[Given data]:
┌──
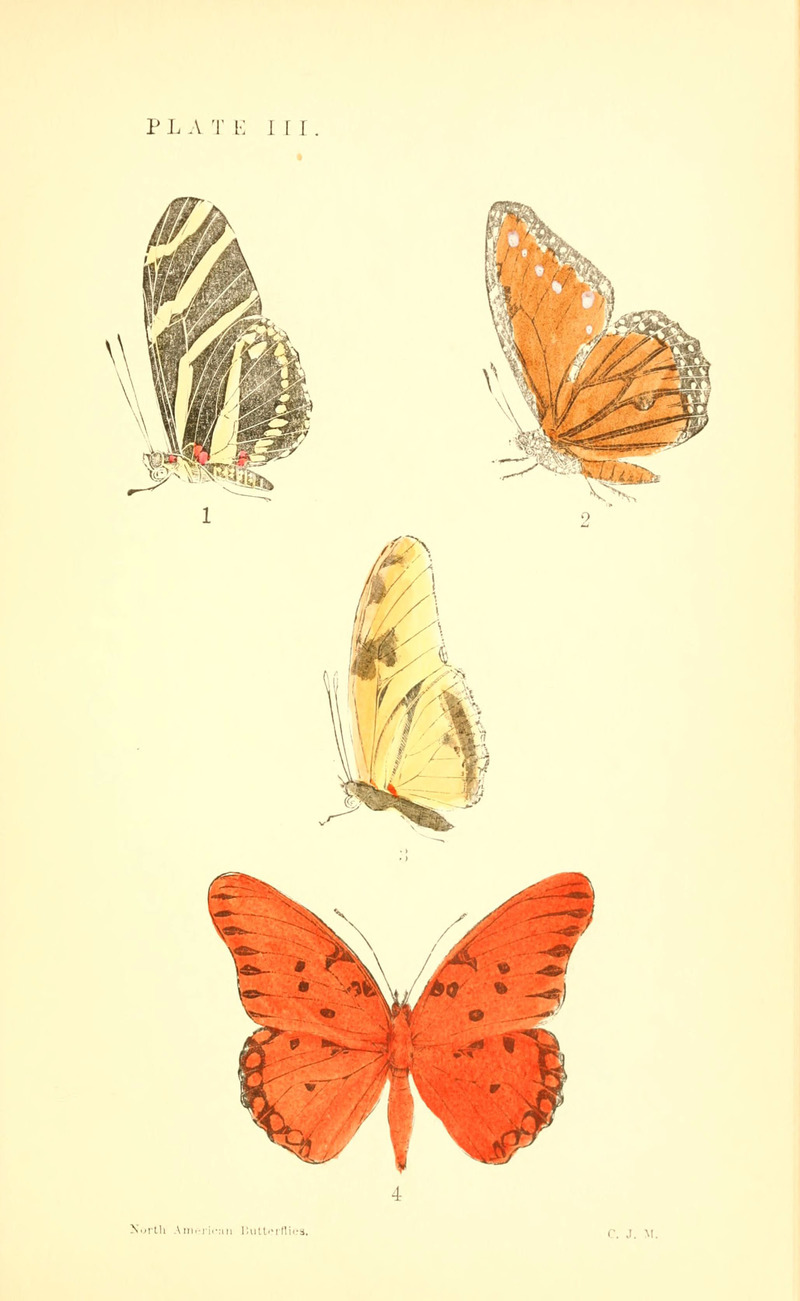 Heliconia charitonia = Heliconius charithonia (zebra longwing butterfly), Danais berenice = Danaus gilippus berenice (queen butterfly), Colaenis julia = Dryas iulia (Julia heliconian), Agraulis vanillae = Dione vanillae (Gulf fritillary); DISPLAY FULL IMAGE.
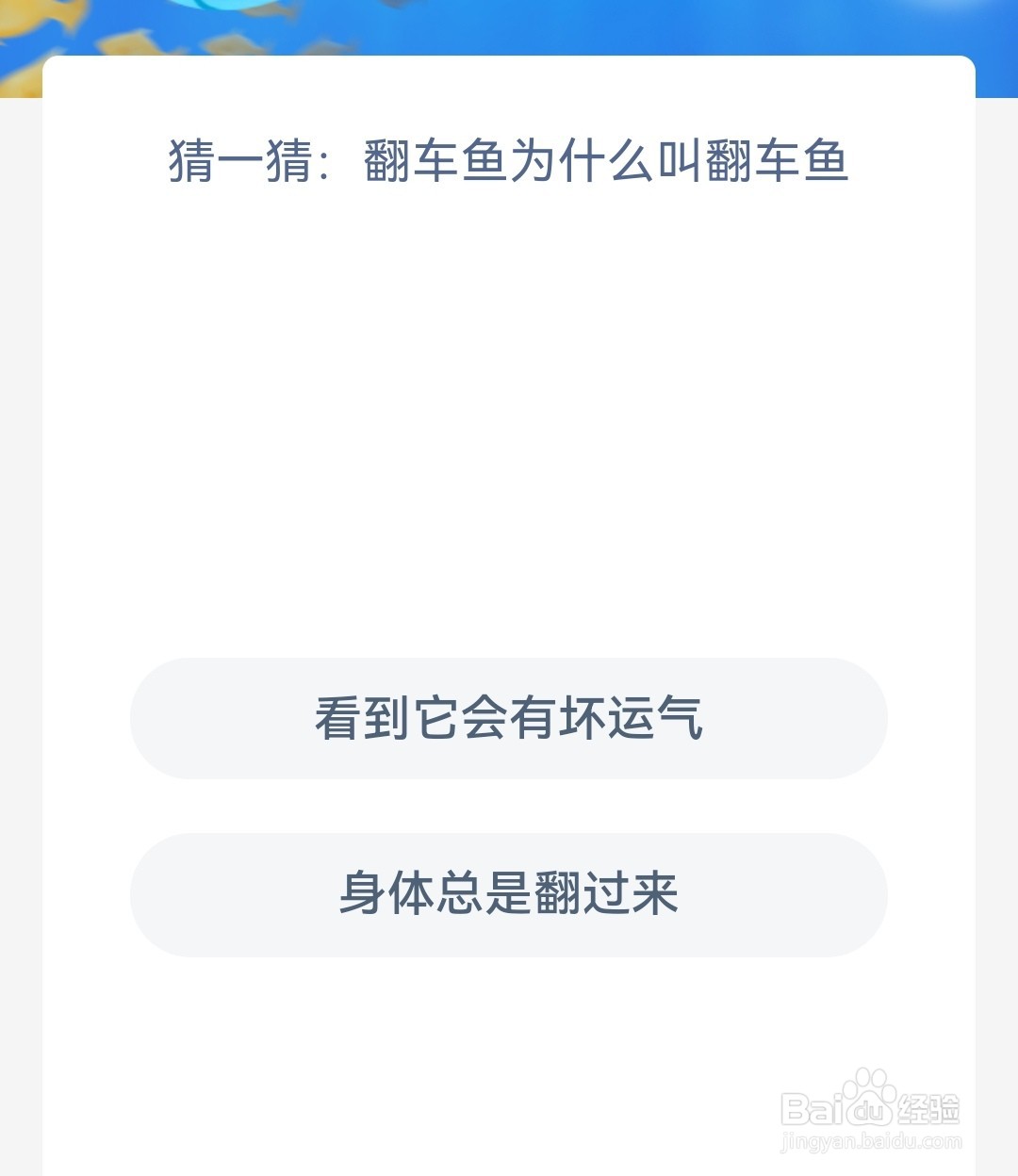 神奇海洋:猜一猜翻车鱼为什么叫翻车鱼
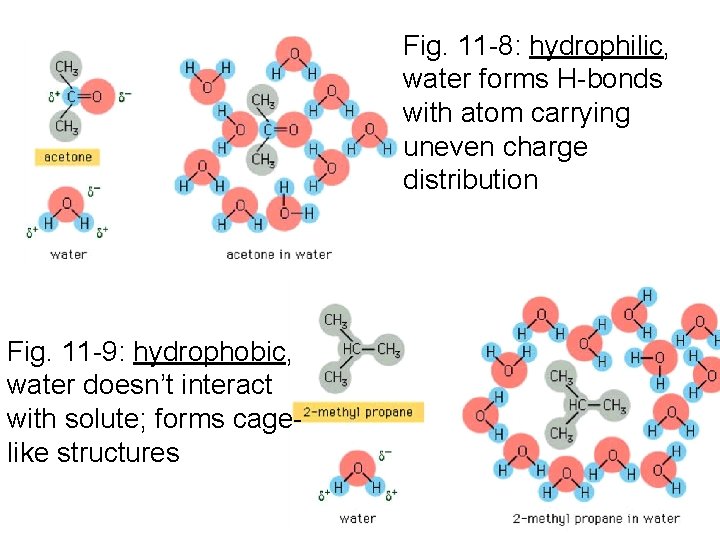 Fig. 11 -8: hydrophilic, water forms H-bonds with atom carrying uneven charge distribution Fig.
└──
[Exercise]:
Your response must reproduce every line of the data exactly, with images omitted.

[Output of the task]:
 Heliconia charitonia = Heliconius charithonia (zebra longwing butterfly), Danais berenice = Danaus gilippus berenice (queen butterfly), Colaenis julia = Dryas iulia (Julia heliconian), Agraulis vanillae = Dione vanillae (Gulf fritillary); DISPLAY FULL IMAGE.
 神奇海洋:猜一猜翻车鱼为什么叫翻车鱼
 Fig. 11 -8: hydrophilic, water forms H-bonds with atom carrying uneven charge distribution Fig.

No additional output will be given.